### PROMPT
Print the data exactly as written, but leave out each picture.

### DATA PROVIDED
- - -

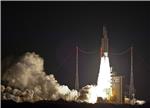 FRENCH GUIANA ARIANE LIFT OFF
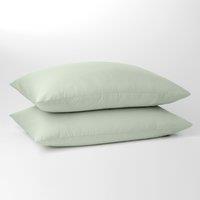 Pure Cotton Standard Pillowcase Pair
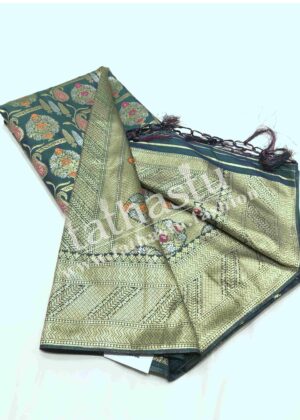 TATHASTU FANCY ART SOFT SILK SAREE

- - -

### SOLUTION FOR THIS PROBLEM
 FRENCH GUIANA ARIANE LIFT OFF
 Pure Cotton Standard Pillowcase Pair
 TATHASTU FANCY ART SOFT SILK SAREE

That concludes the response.